The slackness with which the generals of Justinian prosecuted the Gothic war in the period between the triumph of Belisarius at Ravenna in A.D. 540, and the final conquest of Italy in A.D. 553, is mainly to be explained by the fact that, just at the moment of the fall of Ravenna, the empire became involved in a new struggle with its great Eastern neighbour. Chosroes of Persia was seriously alarmed at the African and Italian conquests of Justinian, and remembered that he too, as well as the Vandals and Goths, was in possession of provinces that had formerly been Roman, and might one day be reclaimed by the Emperor. He determined to strike before Justinian had got free from his Italian war, and while the flower of the Roman army was still in the West. Using as his pretext for war some petty quarrels between two tribes of Arabs, subject respectively to Persia and the empire, he declared war in the spring of A.D. 540. Justinian, as the king had hoped, was caught unprepared: the army of the Euphrates was so weak that it never dared face the Persians in the field, and the opening of the war was fraught with such a disaster to the empire as had not been known since the battle of Adrianople, more than a hundred and sixty years before. Avoiding the fortresses of Mesopotamia, Chosroes, who led his army in person, burst into Northern Syria. His main object was to strike a blow at Antioch, the metropolis of the East, a rich city that had not seen an enemy for nearly three centuries, and was reckoned safe from all attacks owing to its distance from the frontier. Antioch had a strong garrison of 6,000 men and the "Blues" and "Greens" of its circus factions had taken arms to support the regular troops. But the commander was incompetent, and the fortifications had been somewhat neglected of late. After a sharp struggle, Chosroes took the town by assault; the garrison cut its way out, and many of the inhabitants escaped with it, but the city was sacked from cellar to garret and thousands of captives were dragged away by the Persians. Chosroes planted them by the Euphrates—as Nebuchadnezzar had done of old with the Jews—and built for them a city which he called Chosroantiocheia, blending his own name with that of their ancient abode.

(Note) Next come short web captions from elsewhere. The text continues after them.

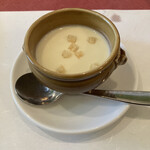 ビストロカワノ - さつまいものポタージュ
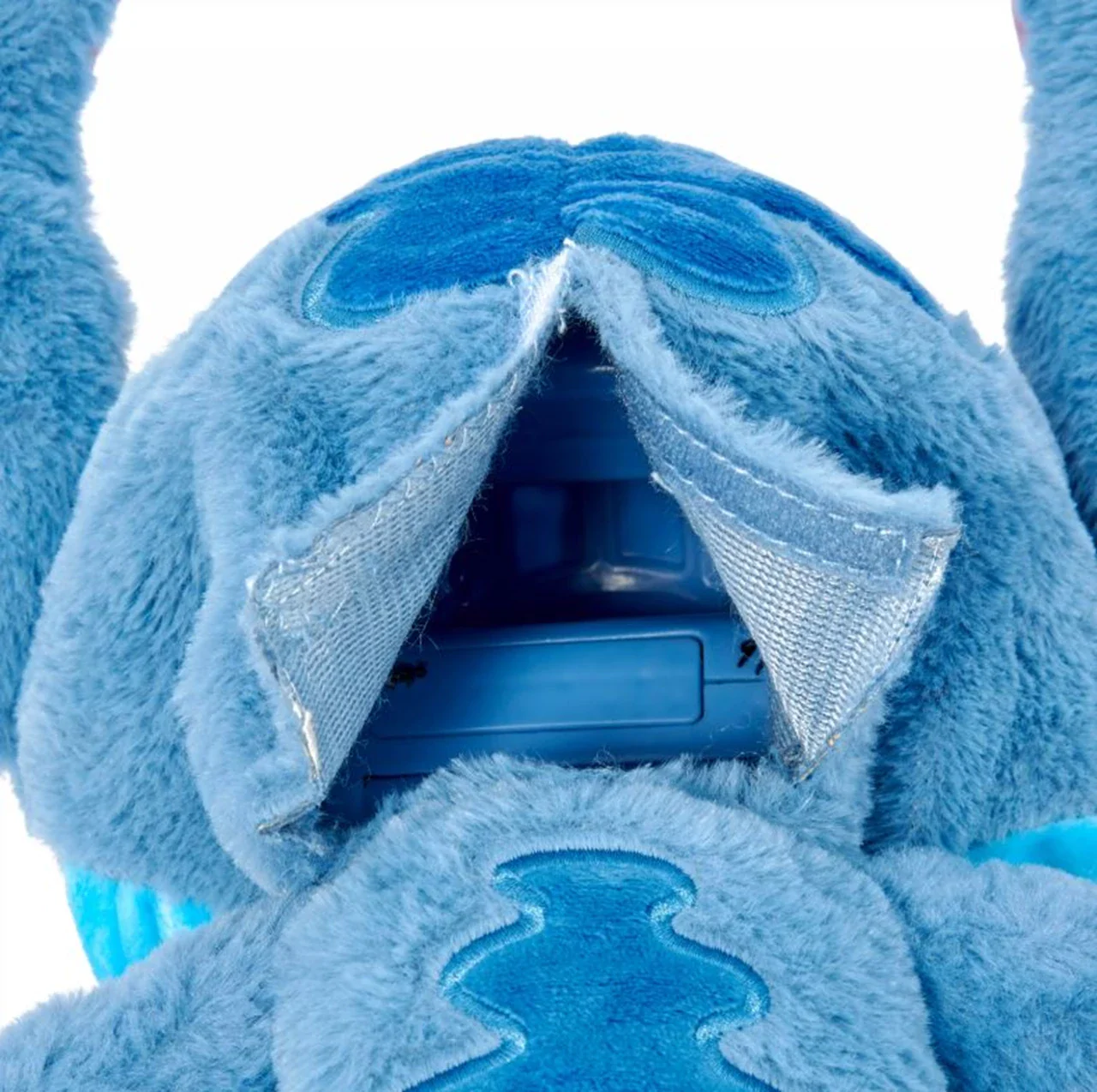 Disney Chatty Stitch Deluxe Puppetronic - Image 4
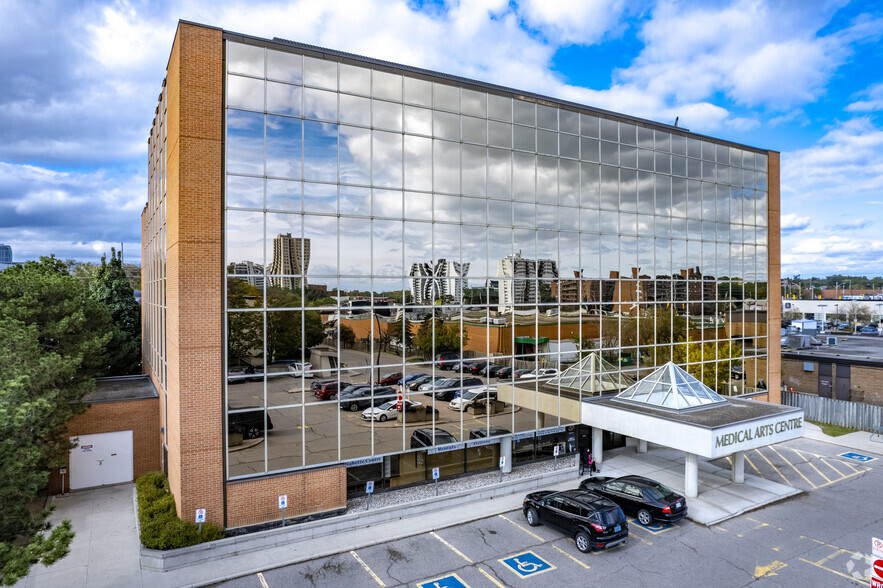 71 King St W, Mississauga, ON à louer - Photo principale – Image 1 sur 4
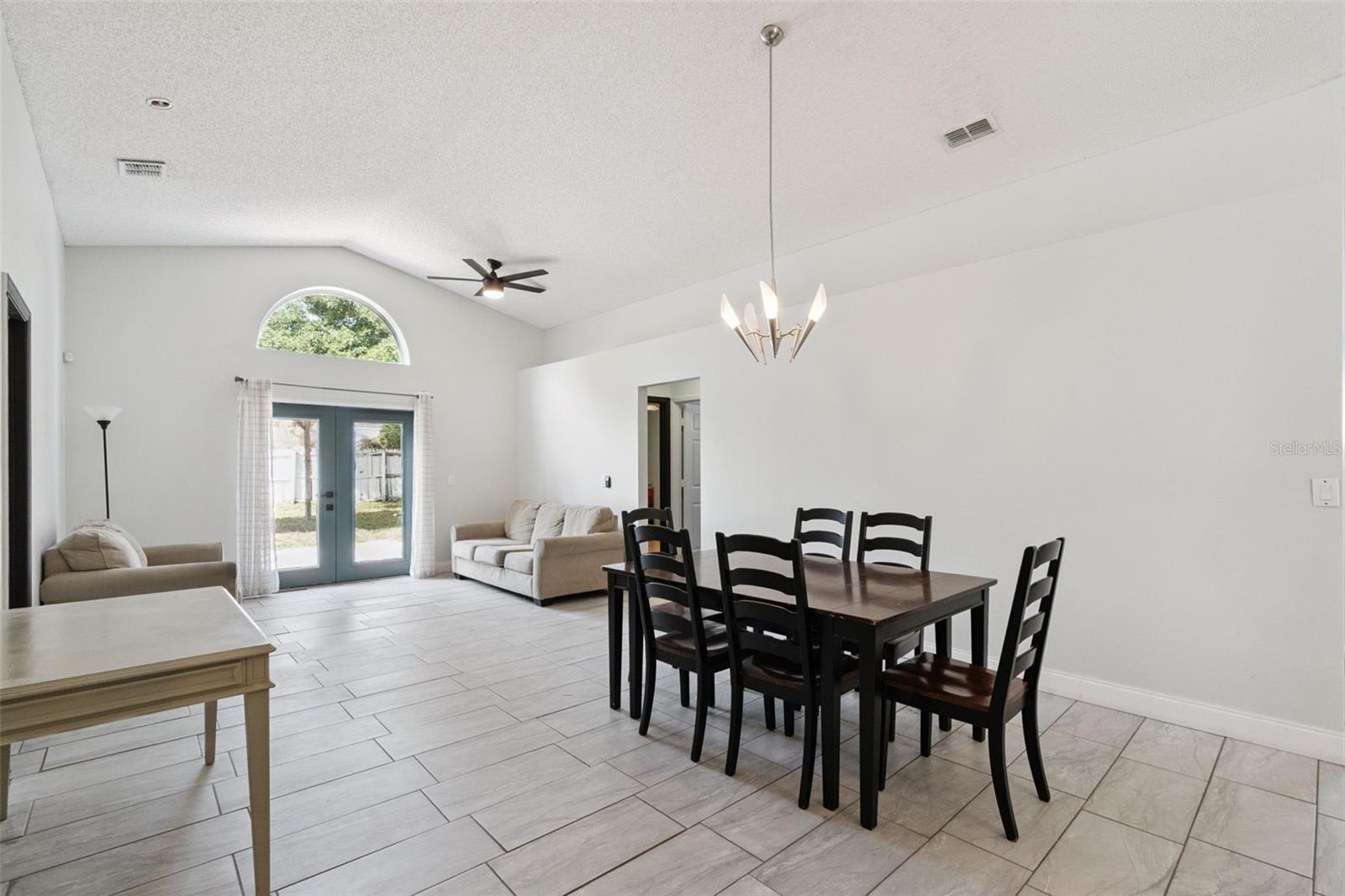 Image 7 of 20 For 1728 Brook Hollow Drive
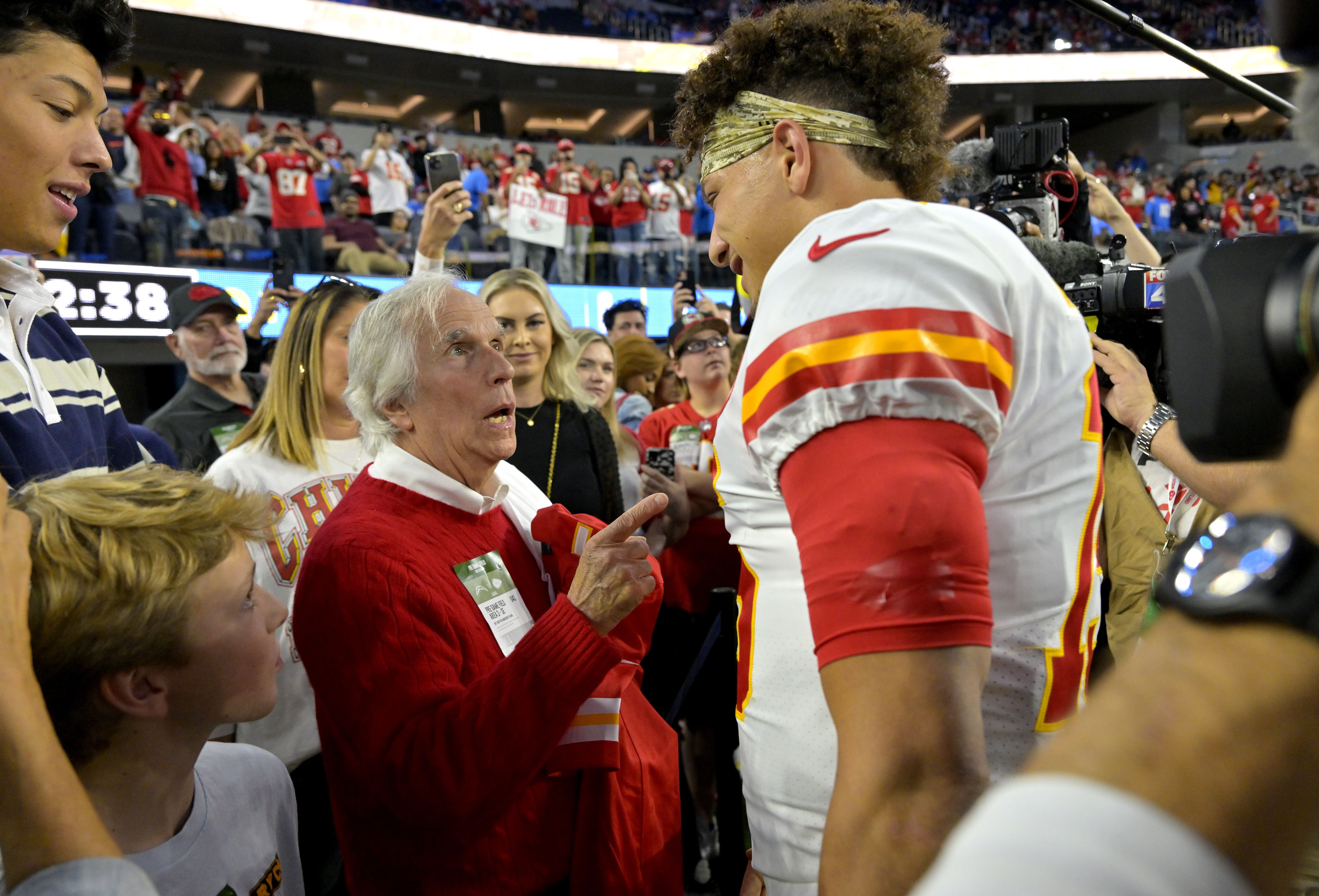 Patrick Mahomes gives Henry Winkler a personalized Kansas City Chiefs jersey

This horrible disaster to the second city of the Roman East roused all Justinian's energy; neglecting the Italian war, he sent all his disposable troops to the Euphrates frontier, and named Belisarius himself as the chief commander. After this, Chosroes won no such successes as had distinguished his first campaign. Having commenced an attack on the Roman border fortresses in Colchis, far to the north, he was drawn home by the news that Belisarius had invaded Assyria and was besieging Nisibis. On the approach of the king the imperial general retired, but his manoeuvre had cost the Persian the fruits of a whole summer's preparation, and the year 541 ended without serious fighting. In the next spring very similar operations followed: Belisarius defended the line of the Euphrates with success, and the invaders retired after having reduced one single Mesopotamian fortress. The, war lingered for two years more, till Chosroes, disgusted at the ill-success of all his efforts since his first success at Antioch, and more especially humiliated by a bloody repulse from the walls of Edessa, consented to treat for peace [A.D. 545]. He gave up his conquests which were of small importance but regarded the honours of the war as being his own, because Justinian consented to pay him 2,000 lbs. of gold [108,000] on the ratification of the treaty. One curious clause was inserted in the document though hostilities ceased everywhere else, the rights of the two monarchs to the suzerainty of the kingdom of Lazica, on the Colchian frontier, hard by the Black Sea, were left undefined. For no less than seven years a sort of by-war was maintained in this small district, while peace prevailed on all other points of the Perso-Roman frontier. It was not till A.D. 556, after both parties had wasted much treasure and many men on the unprofitable contest, that Chosroes resigned the attempt to hold the small and rugged mountain kingdom of the Lazi, and resigned it to Justinian on the promise of an annual grant of 18,000 as compensation money.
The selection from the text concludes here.